Google also stores webpage content in its cache. 3 For each cached webpage, Google’s cache contains the text of the webpage as it appeared at the time Google indexed the page, but does not store images from the webpage. Id. at 833. Google may provide a link to a cached web-page in response to a user’s search query. However, Google’s cache version of the webpage is not automatically updated when the webpage is revised by its owner. So if the webpage owner updates its web-page to remove the HTML instructions for finding an infringing image, a browser communicating directly with the webpage would not be able to access that image. However, Google’s cache copy of the web-page would still have the old HTML instructions for the infringing image. Unless the owner of the computer changed the HTML address of the infringing image, or otherwise rendered the image unavailable, a browser accessing Google’s cache copy of the website could still access the image where it is stored on the website publisher’s computer. In other words, Google’s cache copy could provide a user’s browser with valid directions to an infringing image even though the updated web-page no longer includes that infringing image.

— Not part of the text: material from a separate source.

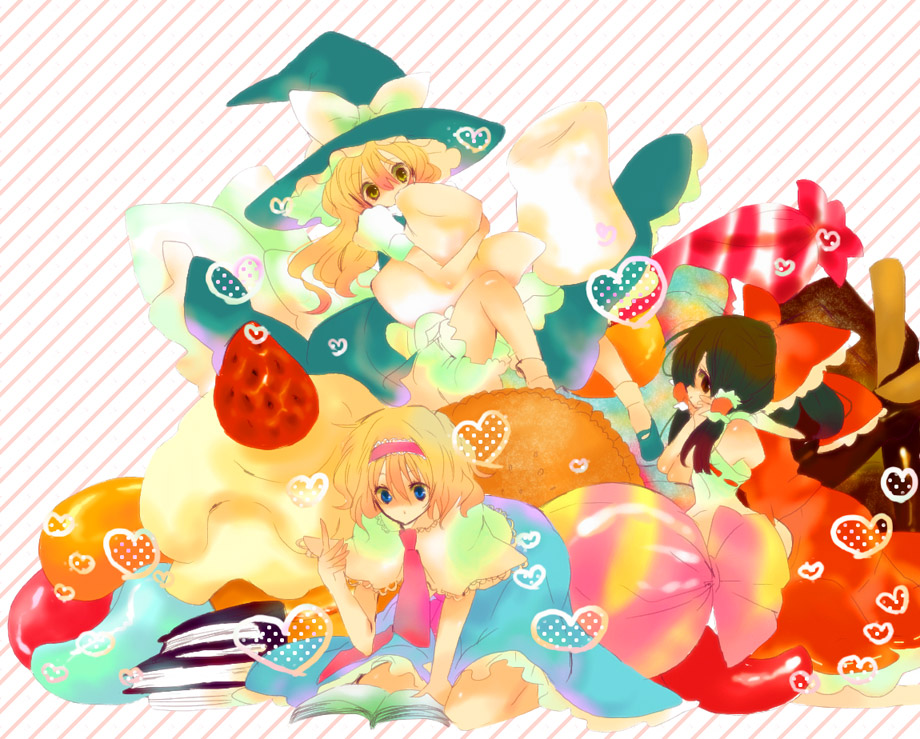 yukirar, alice margatroid, hakurei reimu, kirisame marisa, touhou, bad id, bad pixiv id, 3girls, book, cake, female focus, food, fruit, heart, multiple girls, pastry, strawberry, sweets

In addition to its search engine operations, Google generates revenue through a business program called “AdSense.” Under this program, the owner of a website can register with Google to become an AdSense “partner.” The website owner then places HTML instructions on its web-pages that signal Google’s server to place advertising on the webpages that is relevant to the webpages’ content. Google’s computer program selects the advertising automatically by means of an algorithm. AdSense participants agree to share the revenues that flow from such advertising with Google.